Si le moment historique se révèle désespéré, avec d’un côté un changement climatique qui semble irréversible et de l’autre la résurgence des guerres mondiales, la dernière attitude digne n’est peut-être pas de se conformer, mais de rester fidèle à l’œuvre et de remplacer l’espoir par la persévérance. , menant à son terme le projet et son désir de réalisation.
« L'histoire n'est pas faite de « si », mais je veux faire un film précisément avec se», réfléchit à un moment donné le réalisateur italien. La fiction est exactement ce mode du « comme si » qui divise le cours du récit en de nombreuses temporalités. S'il y a dans l'œuvre de Giovanni une volonté de revoir le cours de l'histoire, de transformer le passé dans la perspective du futur, en modifiant une position qui s'est révélée catastrophique, comme le réalisateur italien attribue à la bureaucratie du modèle soviétique la destruction de son propre parti, alors ce même travail doit refléter cette possibilité.
L'œuvre devient ainsi « Le Soleil du Futur », titre original du film, un rayon qui éclaire le passé à travers le présent. Ce qui s’est passé n’est ni terminé ni décidé, car l’histoire est en cours. Et le cinéma n’est pas un anachronisme, puisque chaque film renouvelle la trajectoire du septième art en ouvrant de nouvelles voies. Le réalisateur modifie alors le scénario, de sorte que la transformation historique s'effectue également à rebours. Le sens de l’Histoire n’est pas ce qui a été énoncé, mais ce qui est compris à chaque instant.
Ainsi, le film se déroule dans une grande parade et l’expérience du cirque s’avère la plus efficace pour définir la reconstitution précaire et contestée de la marche historique. Le réalisateur, tel un maître des lieux, termine son spectacle en sachant que son seul message est justement que le meilleur est à venir.

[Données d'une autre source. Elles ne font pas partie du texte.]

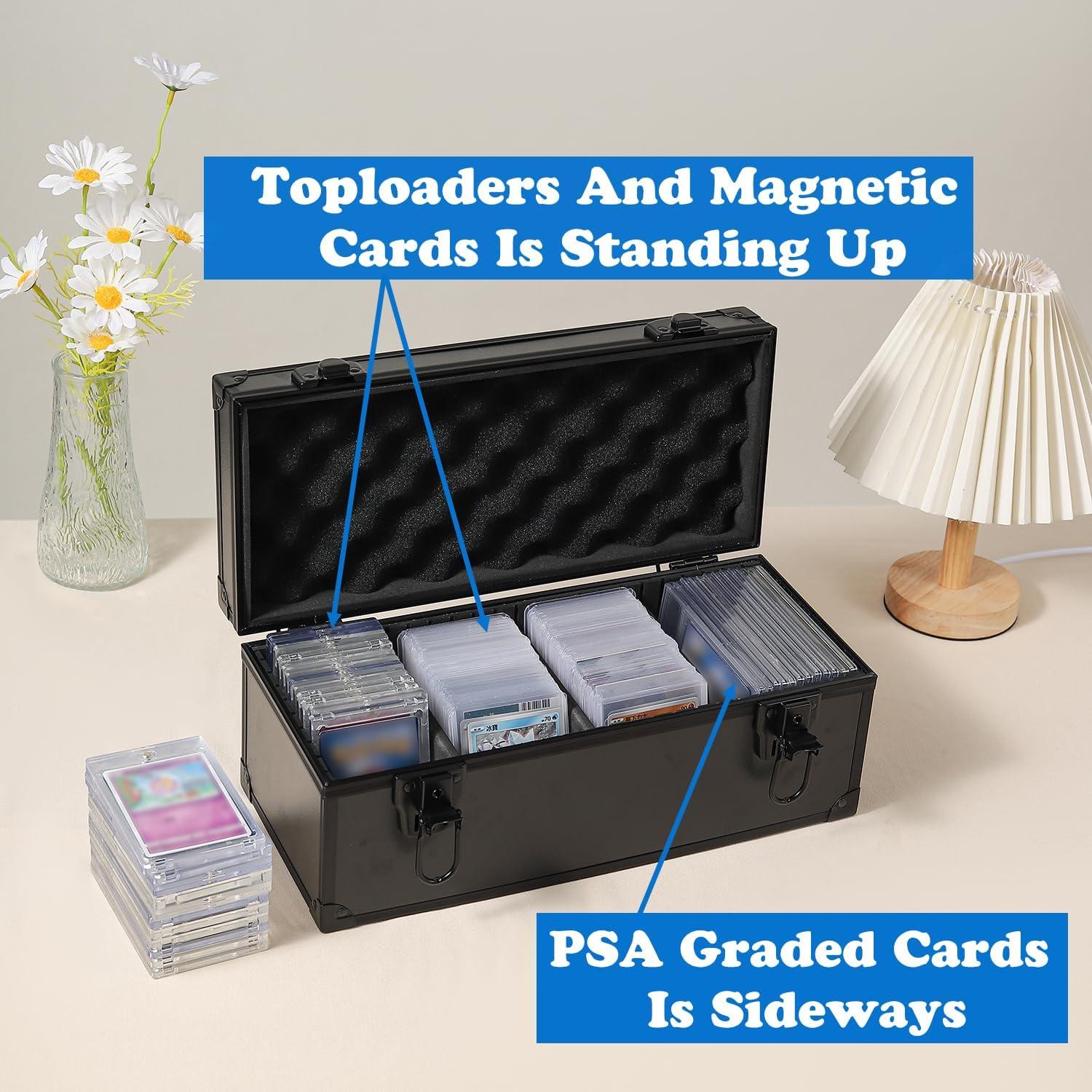 Caja de Almacenamiento Azamou para Toploaders 300 Tarjetas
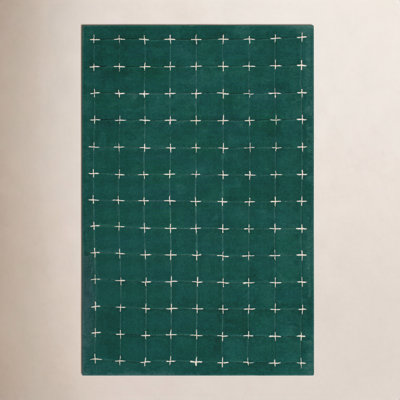 Mallory Green Hand Tufted Area Rug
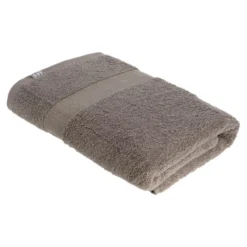SERVIETTE BAIN 70X130CM COTON TAUPE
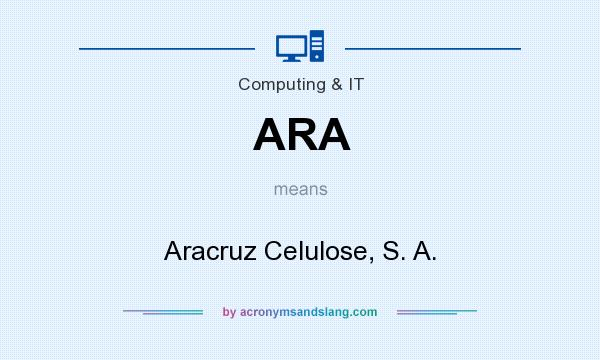 What does ARA mean? It stands for Aracruz Celulose, S. A.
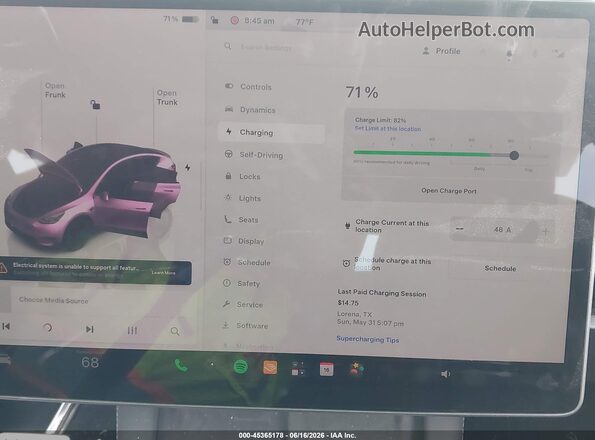 7SAYGDEF4NF540644 2022 TESLA MODEL Y Gray 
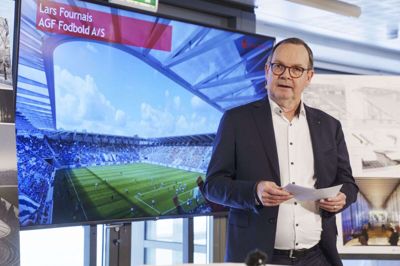 AGF præsenterede i december de mere konkrete planer for et nyt stadion, som skal have plads til 24.000 tilskuere. (Arkivfoto).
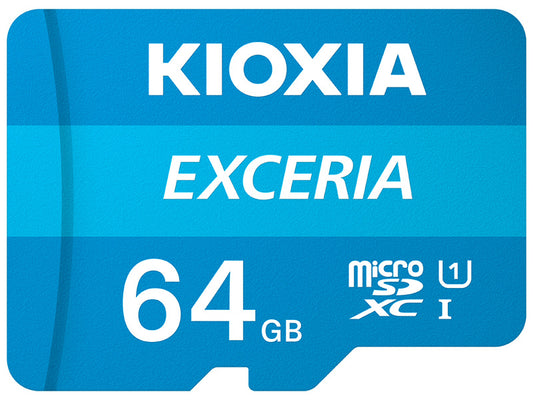 KIOXIA EXCERIA microSDXCカード 64GB [KMU-A064G]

*William Preger Il est ingénieur et titulaire d'un doctorat en théorie littéraire de l'UERJ. Auteur de Fables des sciences (Gramma).
Référence
Le meilleur est à venir (Il sol dell'avvenire)
France, Italie, 2023, 95 minutes.
Réalisateur : Nanni Moretti.
Scénario : Francesca Marciano et Nanni Moretti
Avec : Nanni Moretti, Marguerita Buy, Mathieu Amalric, Silvio Orlando, Barbara Bobulova, Valentina Romani, Flavio Furno, Zsolt Anger.